Content starts

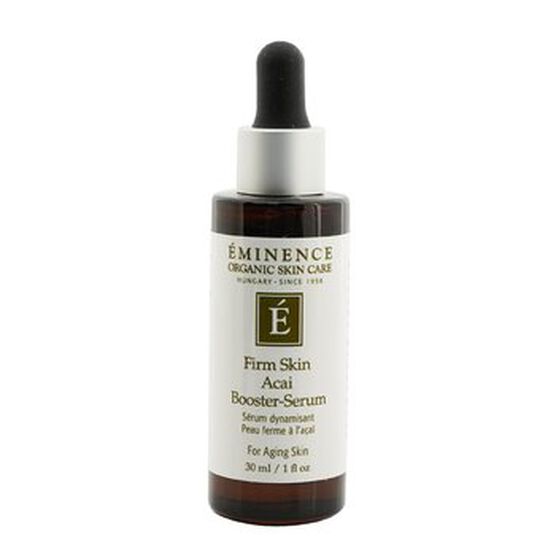 Firm Skin Acai Booster-Serum, Firm Skin Acai Boost, hi-res image number null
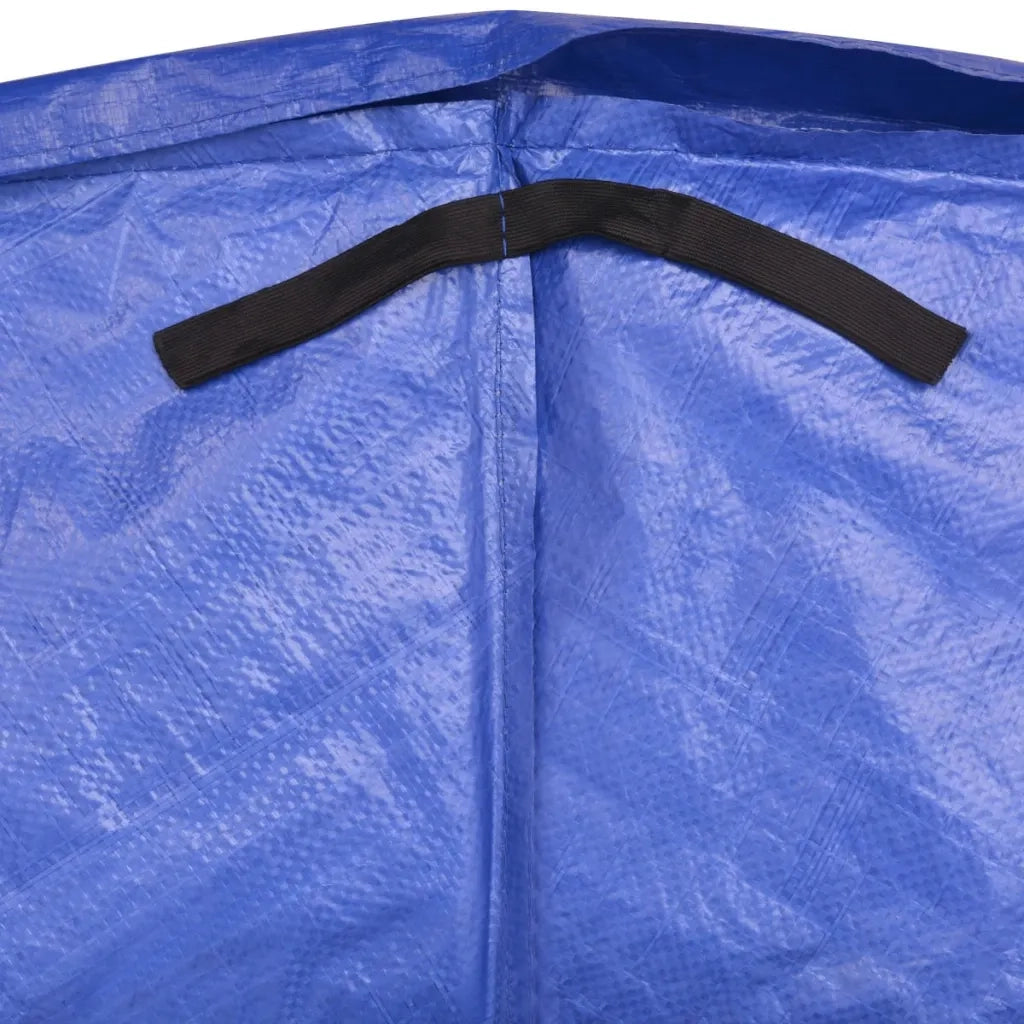 Tampone di Sicurezza per Trampolino Rotondo 13'/3,96 m 142104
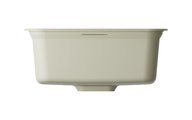 Кухонная мойка Omoikiri Tasogare-51-BE, Artgranit, ваниль 4993736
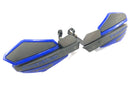 Yamaha YFM 660 R Raptor [2002] - Handprotektor Handguard Handschützer Paar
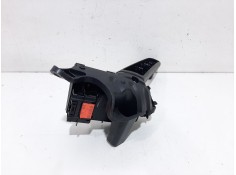 Recambio de mando elevalunas delantero izquierdo para honda civic berlina 3 (ep1/2) 1.7 ctdi es referencia OEM IAM 35750S5SG31   2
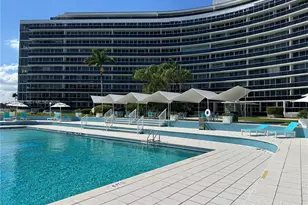 900 Bay Dr, Miami Beach, FL 33141 - Photo 29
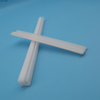 UHMWPE Guide Rail Manufactured by Nc Machine Tool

Content ends

■ What you are asked to do ■
Please transcribe, word for word, every line from the one containing "Кухонная мойка Omoikiri" through the last line of the records, both included, and leave the pictures out.

■ Solution to the problem ■
 Кухонная мойка Omoikiri Tasogare-51-BE, Artgranit, ваниль 4993736
 Yamaha YFM 660 R Raptor [2002] - Handprotektor Handguard Handschützer Paar
 Recambio de mando elevalunas delantero izquierdo para honda civic berlina 3 (ep1/2) 1.7 ctdi es referencia OEM IAM 35750S5SG31   2
 900 Bay Dr, Miami Beach, FL 33141 - Photo 29
 UHMWPE Guide Rail Manufactured by Nc Machine Tool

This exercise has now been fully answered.